*SOURCE RECORDS*
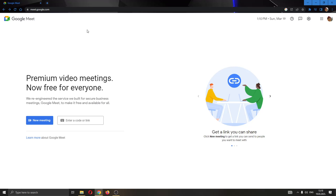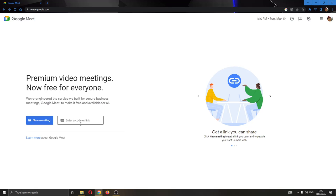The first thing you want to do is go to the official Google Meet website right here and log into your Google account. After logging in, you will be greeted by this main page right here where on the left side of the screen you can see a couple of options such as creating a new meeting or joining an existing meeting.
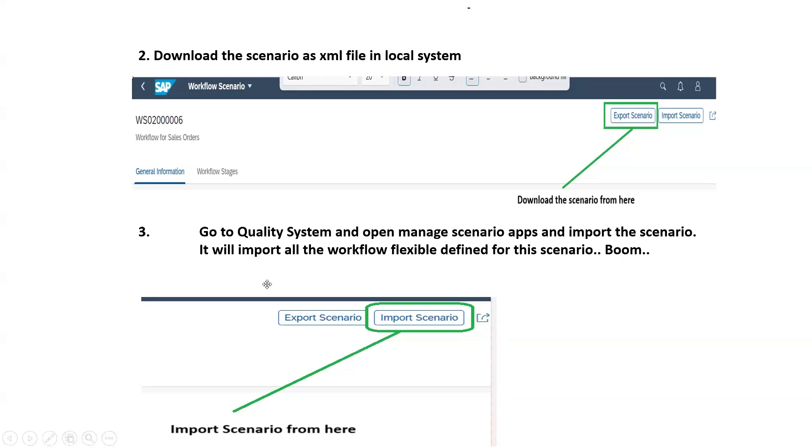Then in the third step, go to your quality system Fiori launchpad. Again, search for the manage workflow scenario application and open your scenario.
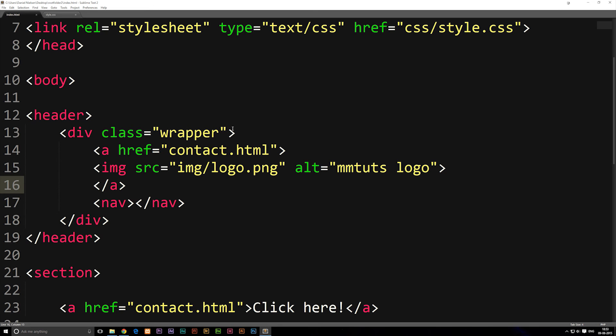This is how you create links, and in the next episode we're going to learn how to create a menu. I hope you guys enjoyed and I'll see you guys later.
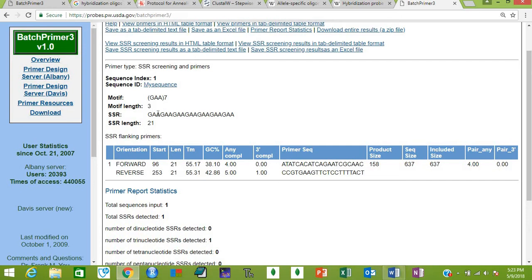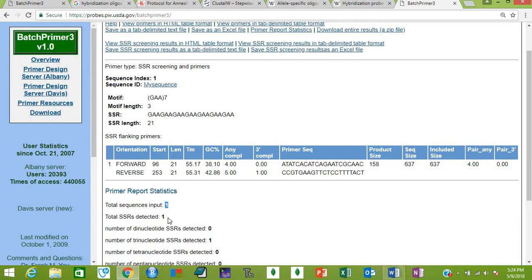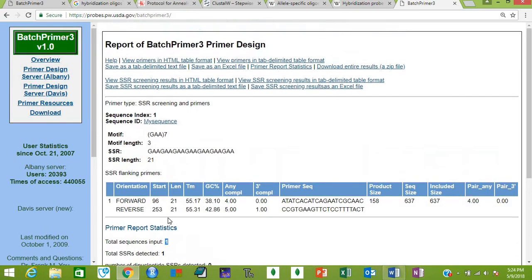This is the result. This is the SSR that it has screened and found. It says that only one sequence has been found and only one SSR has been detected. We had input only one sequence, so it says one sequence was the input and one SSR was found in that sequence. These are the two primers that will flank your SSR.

---

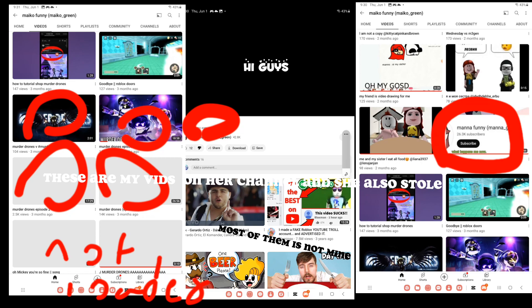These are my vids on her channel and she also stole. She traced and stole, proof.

*EXERCISE DETAILS*
Out of the records above, return only the lines from the one with "The first thing" through the one with "This is the result.", exactly, and none of the pictures.

*WRITTEN SOLUTION*
The first thing you want to do is go to the official Google Meet website right here and log into your Google account. After logging in, you will be greeted by this main page right here where on the left side of the screen you can see a couple of options such as creating a new meeting or joining an existing meeting.
Then in the third step, go to your quality system Fiori launchpad. Again, search for the manage workflow scenario application and open your scenario.
This is how you create links, and in the next episode we're going to learn how to create a menu. I hope you guys enjoyed and I'll see you guys later.
This is the result. This is the SSR that it has screened and found. It says that only one sequence has been found and only one SSR has been detected. We had input only one sequence, so it says one sequence was the input and one SSR was found in that sequence. These are the two primers that will flank your SSR.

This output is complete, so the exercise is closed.